Speaking to the Sunday Express on behalf of the four monarchs, Black Stalin described the initiative as a return to one of calypso's early traditions. "As a concept, the idea of calypsonians producing their own shows is really not new, but it had been forgotten," he said.

"During what we refer to as the Golden Age of Calypso, the producers were invariably a group of performers who respected each other's work, that got together to produce their shows," Stalin said. They would then hire professional management.

"What happened somewhere along the line, is that the managers moved more quickly than the calypsonians and went ahead and booked venues and bands, then hired calypsonians and paid them weekly wages.
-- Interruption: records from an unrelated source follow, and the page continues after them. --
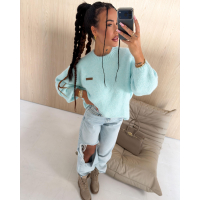 SWETER OVERSIZE OLAVOGA USERS BABY BLUE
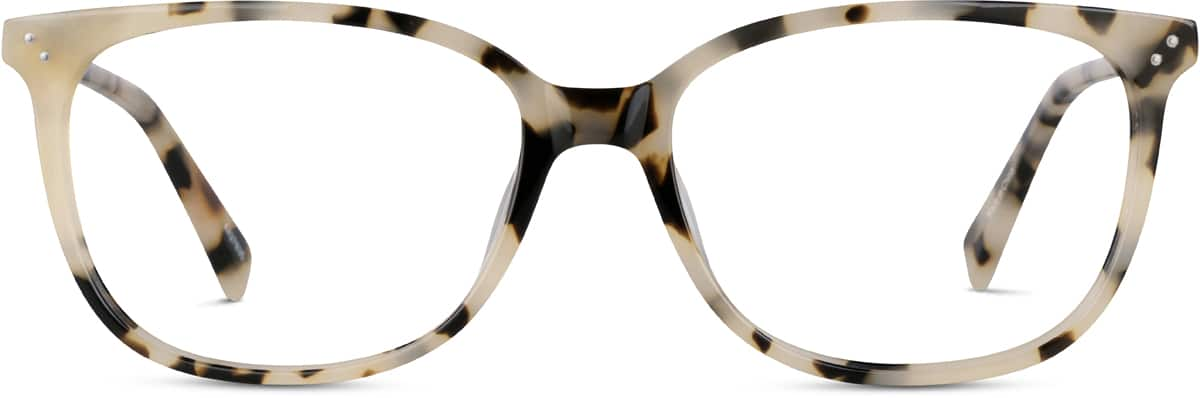 Front view of Square Glasses 4427835 in Ivory Tortoiseshell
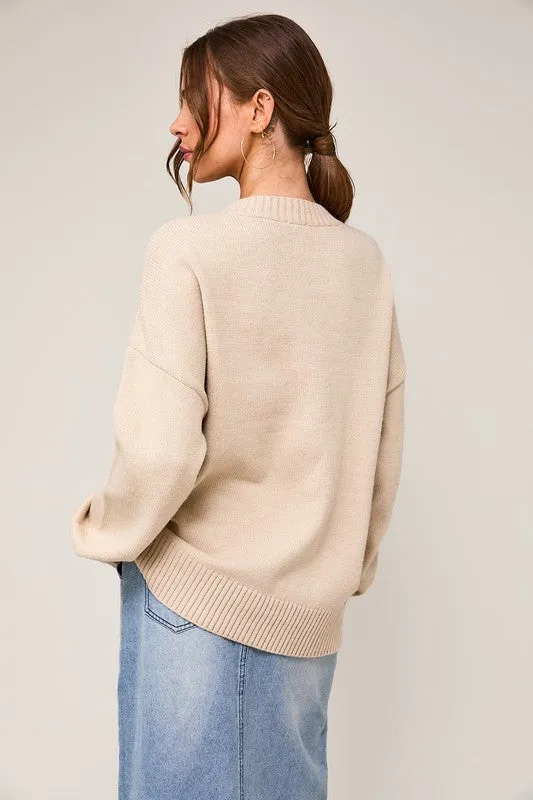 NEW YORK SWEATER - CREAM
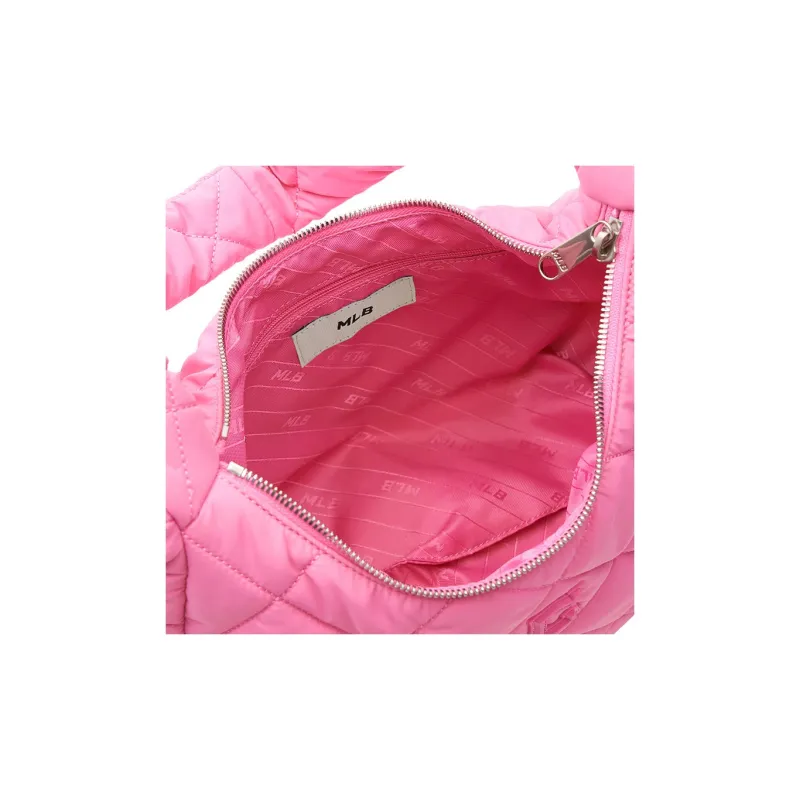 MLB Polyester Cloud Bag Dumpling Bag Shoulder Bag Handbag Shoulder Bag Women's Pink-4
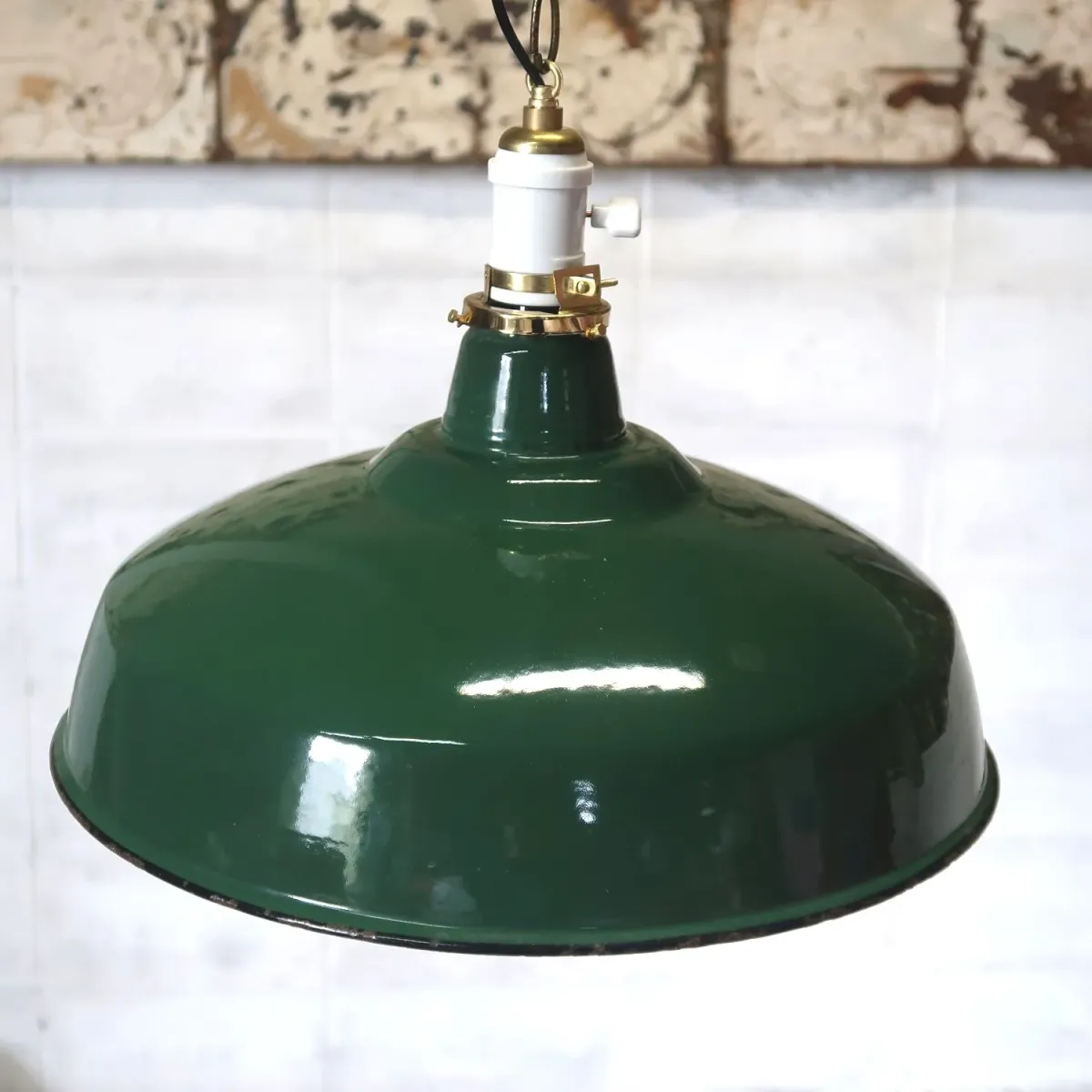 ビンテージ ホーロー ファクトリーランプ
So instead of the talent hiring a staff to further his work, he was now an employee of somebody who might have been operating with a different agenda.

"Even where there have been the various concerts featuring top calypsonians, it is not often that the performer has creative control of the show, even though he or she is the star attraction, or is the person being honoured.

"For A Royal Celebration, we have hired professional talent to manage certain key components of the production, like marketing and house management. What we have retained, is the fundamental producers' rights, which will make the show something we feel that the patrons deserve," said the five-time national calypso monarch.

"Very often, after some big show, if people start complaining about the house management or the stage lighting or the public address system, the calypsonian is humbled, although he had no control over those aspects of the production.

"It is unfortunate that, in the absence of a proper show place, we are forced to present the level of work that we are planning at a venue like the Grand Stand, which has all the difficulties of posts blocking the view of some patrons and problems with the acoustics.

"But the way the economics goes with these shows, we have to secure a venue that will seat a large enough audience to afford us the cover for the level of expenses associated with a class production," he said. "It is really a showcase of some of our best work and it has to be presented in a particular way. We all agree on the need for more class in the presentation of calypso and we are going for that.

"We have with us the maestro, Roy Cape and his Kaiso All Stars, who we feel is the best orchestra to handle this particular kind of show. Cape has worked with all of the principals before and there has never been any need for complaint. In any case, the Kaiso All Stars will add their special touch to the work," Stalin said.

Indeed, the talent is formidable. Stalin himself has made a considerable contribution to the defence of traditional calypso and at no sacrifice to the attractiveness of his songs as dance music. Many of his vintage works still share turntable space with newer offerings and his insight into social issues is held in the highest regard by his peers.

Shadow, the reigning national calypso monarch, has been in the major league since 1974, when he came to wider public attention with the legendary "Bassman" and "I Come Out to Play", which copped first and second places in the annual road march competition. In the intervening years, he continued to deliver a brand of calypso philosophy that never lost favour with the masses; as proven by his taking of the coveted national calypso monarch title this year.

Singing Sandra this year copped the inaugural national calypso queen title, in a contest mounted by the Trinbago Unified Calypsonians Organisation (Tuco). Sandra, only the second woman in the history of the art to win the national calypso monarch title, is also widely regarded as the official defender of her gender and voice of society's oppressed.

Rudder has the distinction of being the only person to take all available titles in a single year, having won the national calypso monarch, Young Kings and road march competitions in 1985. He has since eschewed all calypso contests, but continues to supply works of an integrity equal to most and superior to many of his peers; examining in his lyrics and music a number of revolutionary concepts.

Tickets for A Royal Celebration are expected to go on sale by the end of this week.